The counter-argument is of course about security, but one can't help observing that the methods go beyond, into seemingly random, but systematic humiliation and disruption. It’s also noteable, that for a power hardly lacking in security resources the decision about how little resource to employ in this facility and hence the processing times incurred, is hard to justify or explain away as unavoidable or accidental.

Experiencing just a little of this current occupation, a new resonance occurs as we walk down the Mount of Olives (now with surprisingly few eponymous fruit trees) and visit Dominus Flevit - the place where Jesus looked out over Jerusalem and wept.
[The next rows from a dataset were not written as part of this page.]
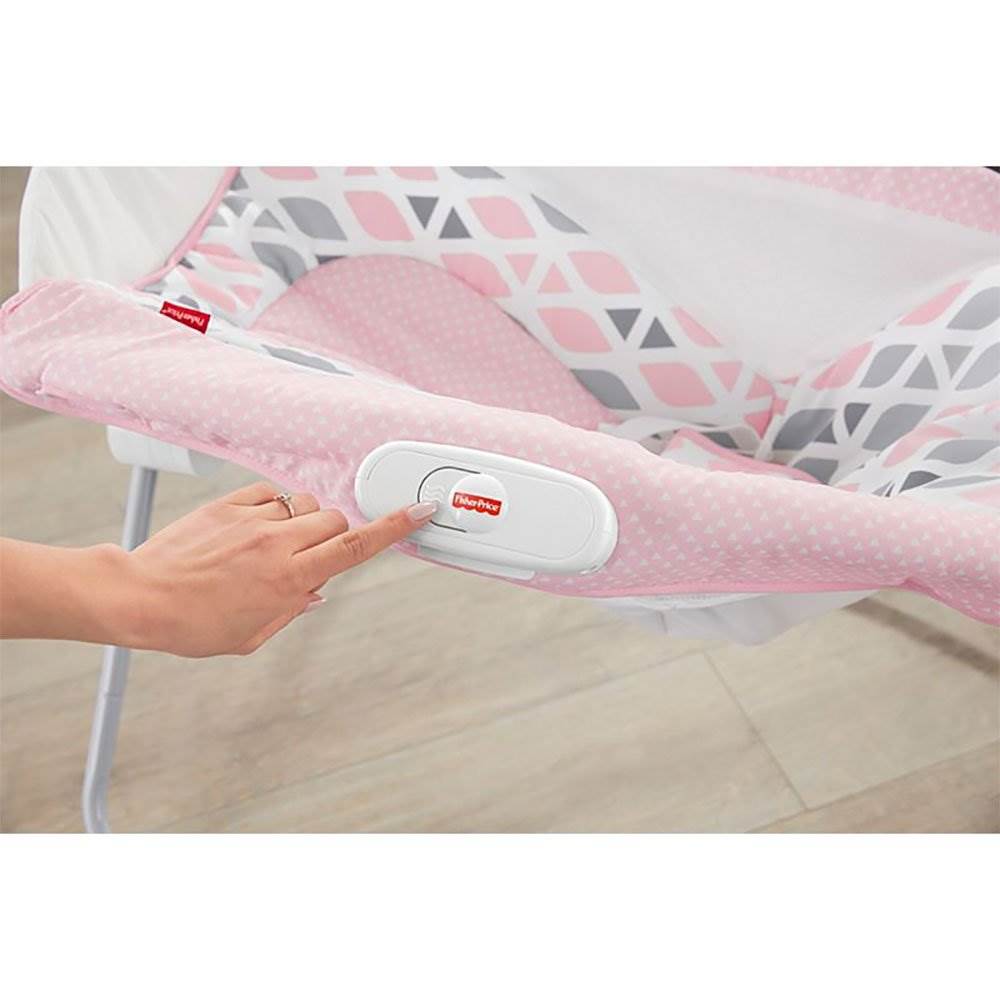 Fisher Price Lightweight Portable Rock 'n Play Vibrating Sleeper Chair, Pink
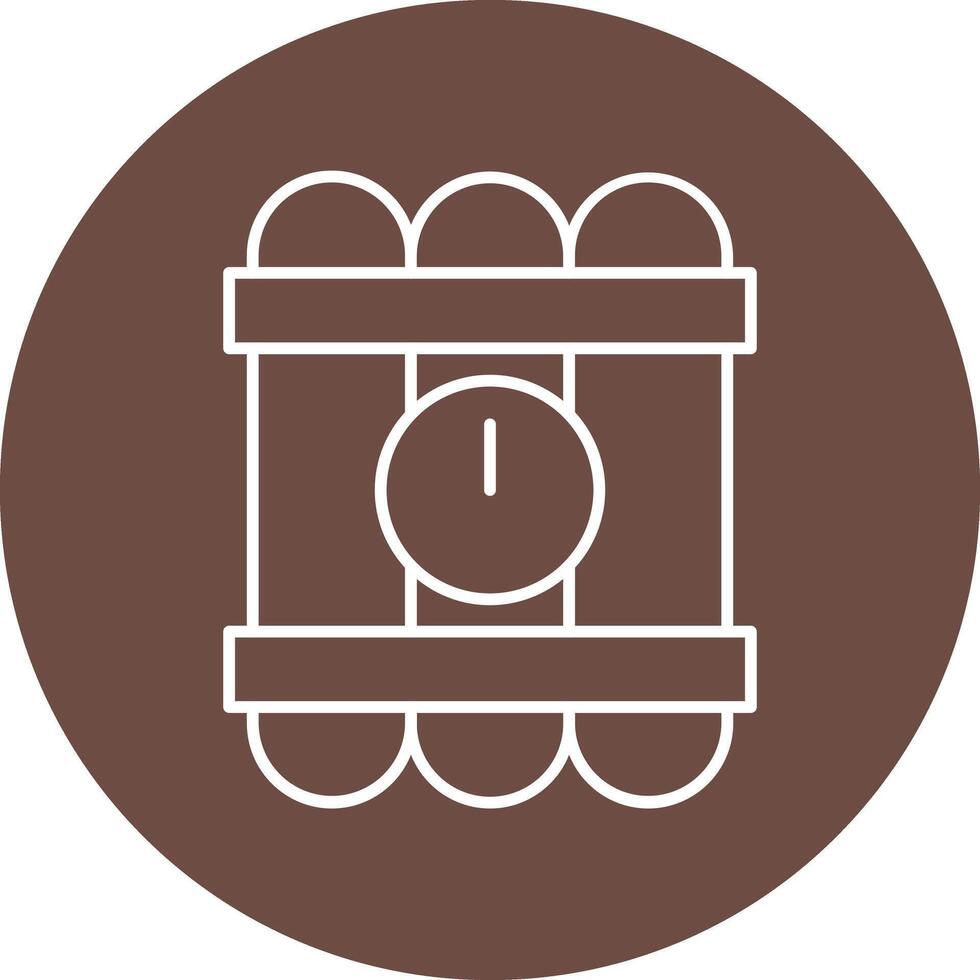 Dynamite Line Circle Icon Design vector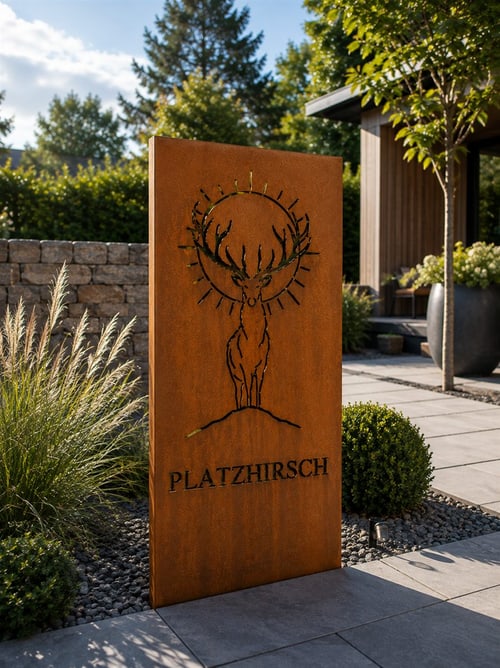 Platzhirsch im Gräserbeet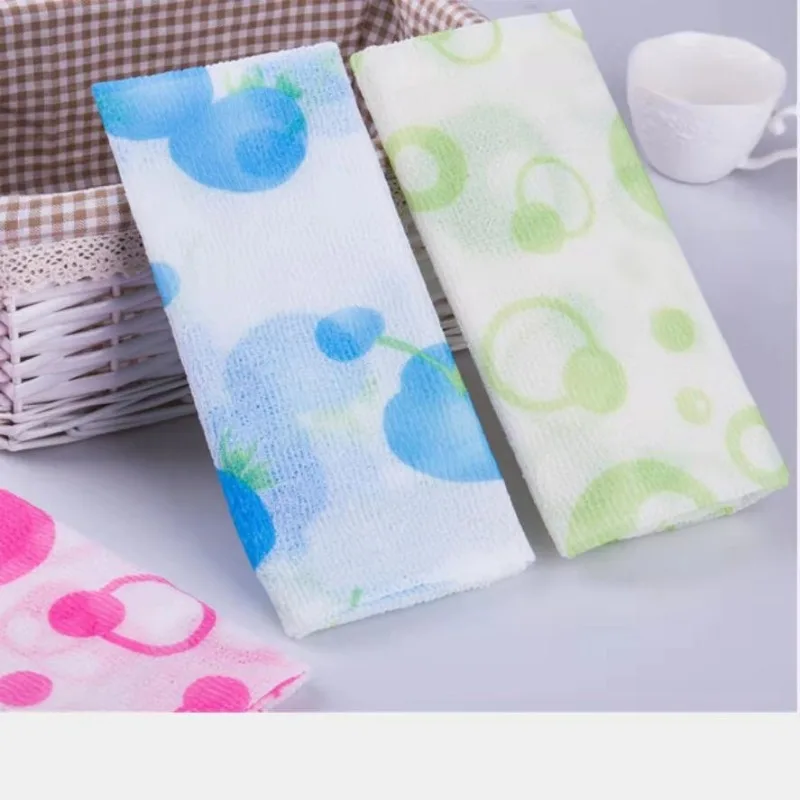 1PC 30x90cm Nylon Wash Cloth Bath Towel Beauty Body Skin Exfoliating Shower Bathroom Washing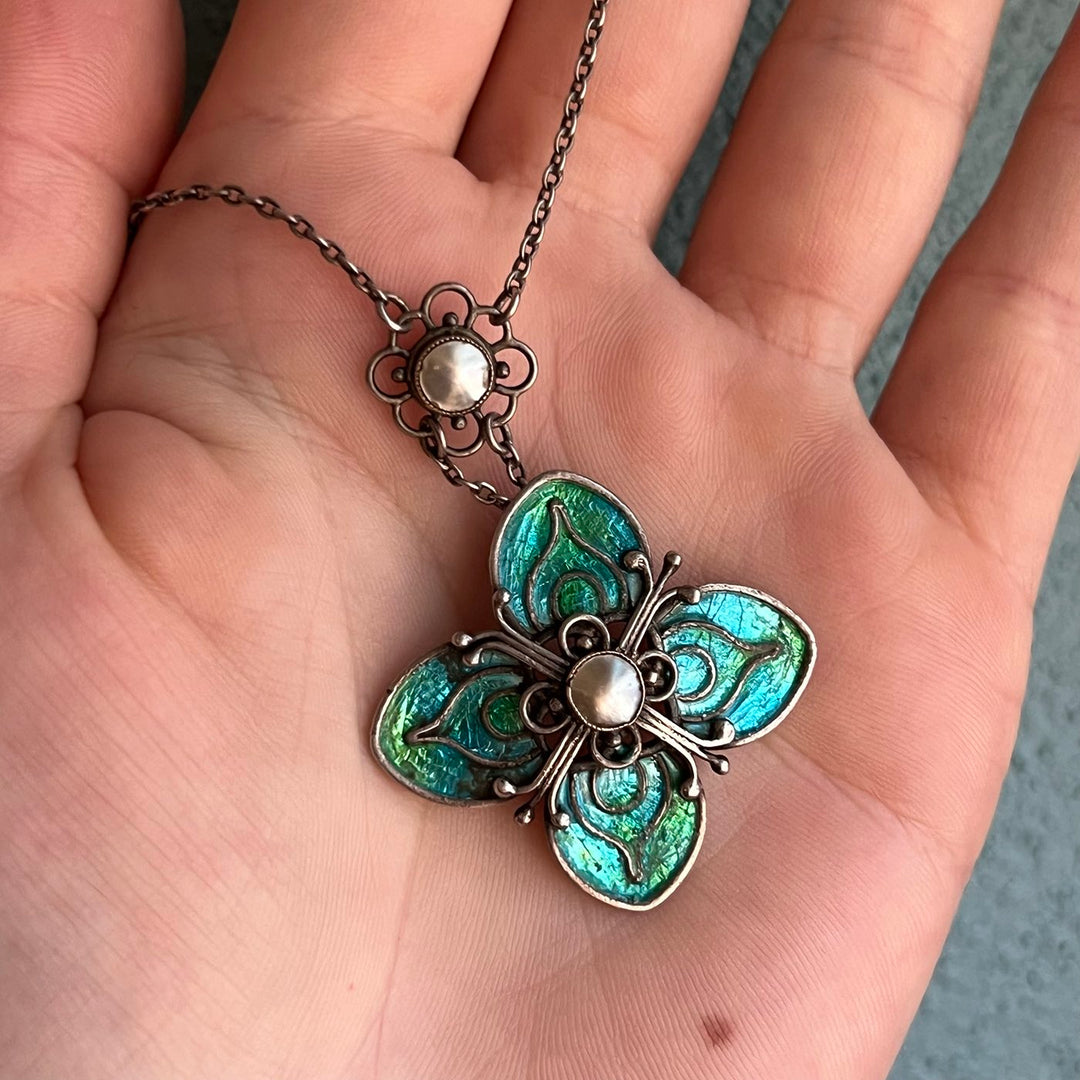 Antique Art Nouveau Drop Necklace Silver Enamel Mother-of-Pearl, Liberty & Co. c.1900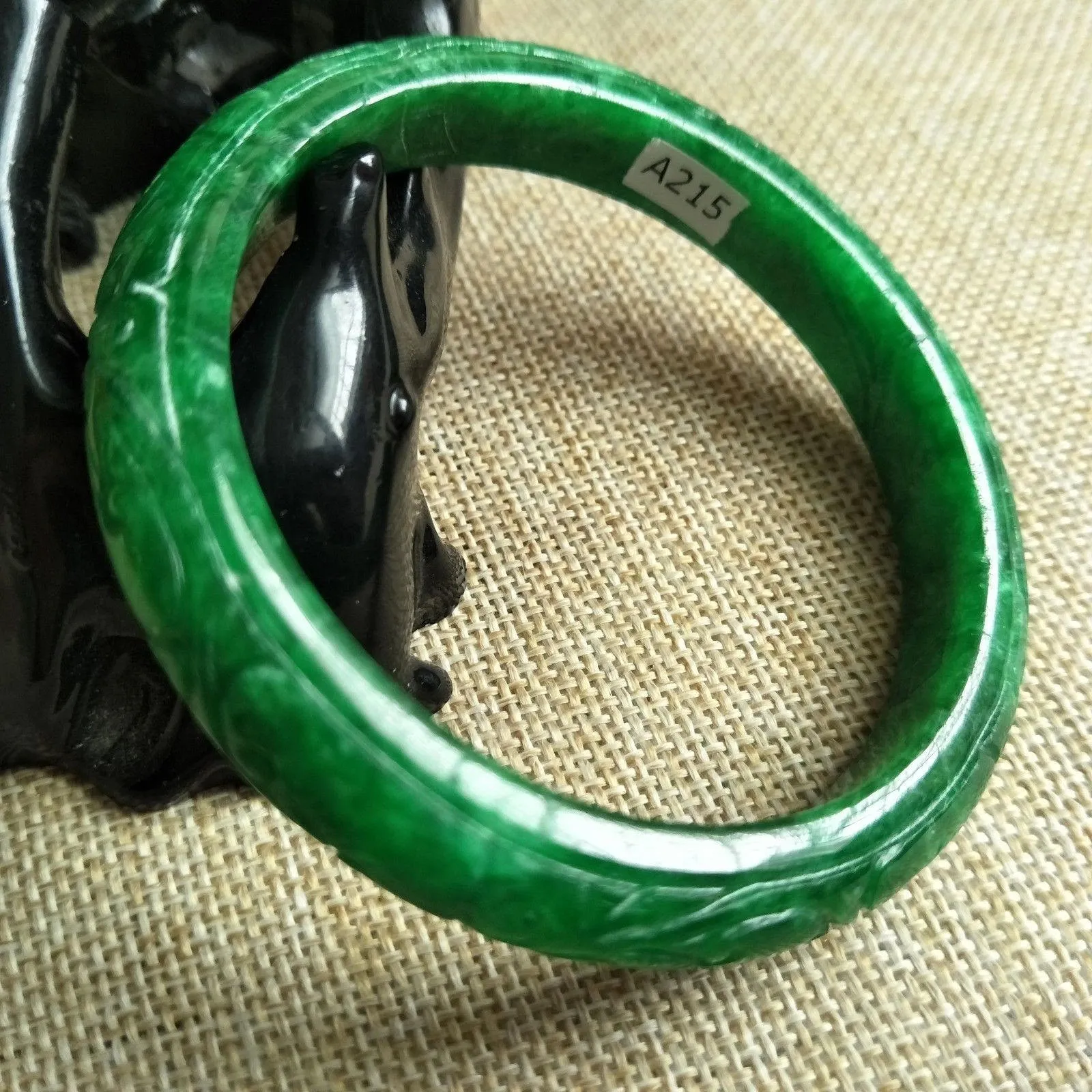 10% OFF- 59/60/61 mm Certified Natural Jadeite Emerald Jade Bangle《Grade A》A215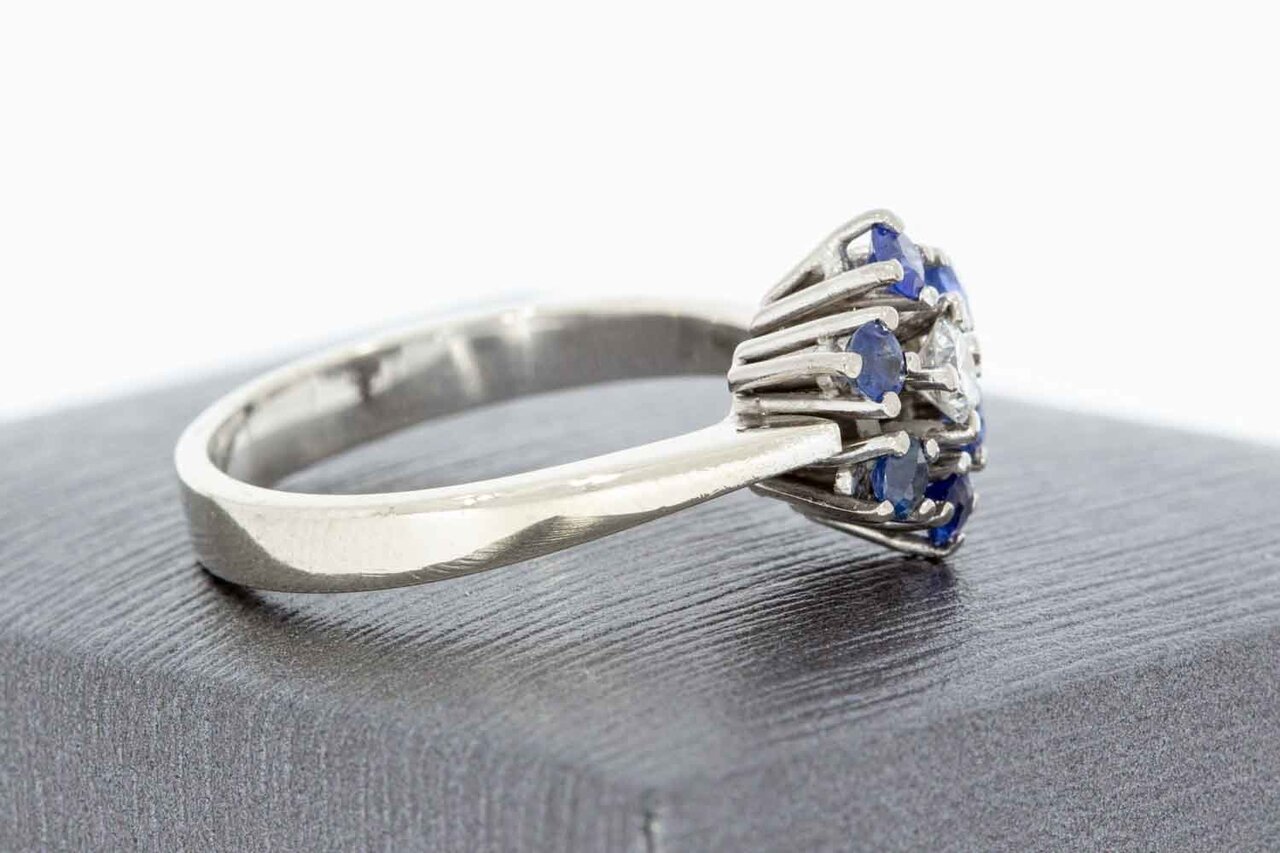 14 Karaat ring met edelstenen - 17,9 mm
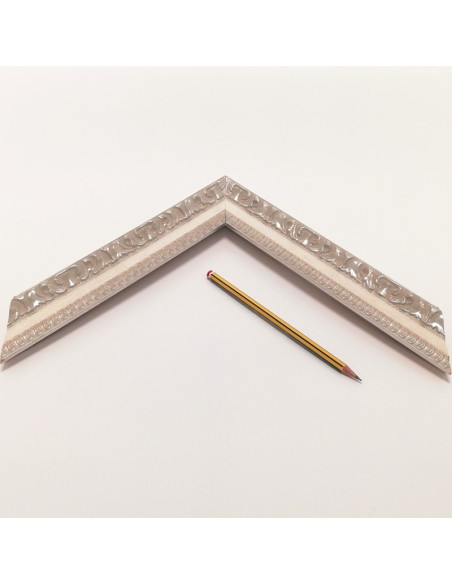 Marco madera 5 cm. Talla Blanco-plata N-54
Looking out over Jerusalem today, the sun gleams off the glorious gold of the Dome of the Rock mosque, built upon the remains of the Temple Mount, it forms a particularly visible example of the repetitive local pattern, of layer of architecture overlying layer, with each religion, empire, occupying power, imposing its own edifices. Adjacent to the mount, nestled amongst the wider vista of new-build and high-rise, you can pick out the old-city, a large part of which has similarly been razed and rebuilt by the latest incoming power.

Here, the landscape, like the history is written and rewritten by successive victors.

But, there on the mount, less ostentatious than the larger building, is a second dome, the leaded grey of the Al-Aqsa mosque, which shares its name with the Arabic term for the temple mount space.

My particular interest in Al-Aqsa dates back to the birth of one of my neighbour's children some 13 or so years ago (can it really be that long? I remember when you were a tiny wee babe...). Born into a multi-cultural community, Aqsa is the fifth child of six, the fourth of five girls and is named after the mosque. A name deliberately chosen to reflect that Al-Aqsa is a place of potential coming together, a place of worlds meeting, a place holy in all three Abrahamic religions (I guess the kid could have been called "Mount", but thankfully her Islamic parentage bestowed a more kindly title).

There's hope in young Aqsa's name; a hope that a place that brings us together can be about what we have in common, not what pulls us apart.

One day perhaps it will be possible to look out over Jerusalem and see that as a reality, but until then I guess I'll weep where Christ wept and roll the name Aqsa around my mouth in hope.